What Expenses Are Involved?
Just like standard apartments or homes, residents of a sober living home are required to pay rent each month. Depending on the home, residents may have private rooms or share a room with another individual, but the price to have a private room is a bit higher. Utilities are generally included in the rent price. Houses are fully furnished, and residents are responsible for paying for the cost of their own food.
Average rent at a sober living home is usually less than paying rent at an outside apartment or house because the expenses are shared among a group of individuals.
Does Insurance Cover Sober Living?
Insurance doesn’t cover the expenses of a sober living home in the majority of cases. Although some people may find their insurance policy covers some of the expense, this is very rare. Since a sober living house isn’t considered part of a treatment program and instead classifies as aftercare, it’s technically not required for the person’s overall health, wellness, and recovery; therefore, it is generally not covered.
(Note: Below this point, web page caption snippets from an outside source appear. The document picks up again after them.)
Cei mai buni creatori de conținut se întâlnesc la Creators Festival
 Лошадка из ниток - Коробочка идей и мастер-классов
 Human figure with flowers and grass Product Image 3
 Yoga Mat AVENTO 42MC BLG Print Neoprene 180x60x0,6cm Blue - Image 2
What Other Payment Options Exist?
Learning to manage one’s living expenses is part of the process of recovery, as one regains responsibilities and resumes “normal” life. Many sober living homes require that residents have jobs if they are not in school. Regular employment provides a set schedule and responsibilities, which offer structure that is crucial in early recovery, as well as income to cover the cost of rent.
Government assistance is limited for those who need help covering the expenses of a sober living home. Certain states offer funding for sober living homes. Although it varies from state to state, some rental assistance programs work through government-funded programs, such as those dedicated to those suffering from addiction or a disability.
To lessen the financial obligation a person has when living in a sober living home, the person may apply for food stamps from the Supplemental Nutritional Assistance Program, also known as SNAP. The program allows the person to purchase food from grocery stores, convenience stores, and possibly farmers markets. Individuals who qualify for monetary assistance from welfare, SSI, or SSD may find their monthly check adequately covers the costs of a sober living house.
In other instances, a person may be able to borrow money from family and friends to fund the first few months in a sober living home. It’s important to have a third party draw up an agreement regarding the loan, and the money should be given directly to the facility versus to the person who is newly sober.
In some instances, banks offer personal hardship loans and other personal loans that can give the person money to live off while they search for work. Once the person finds employment, the individual may pay off the loan in small increments. Oftentimes, a cosigner or some kind of collateral is needed to secure this kind of loan.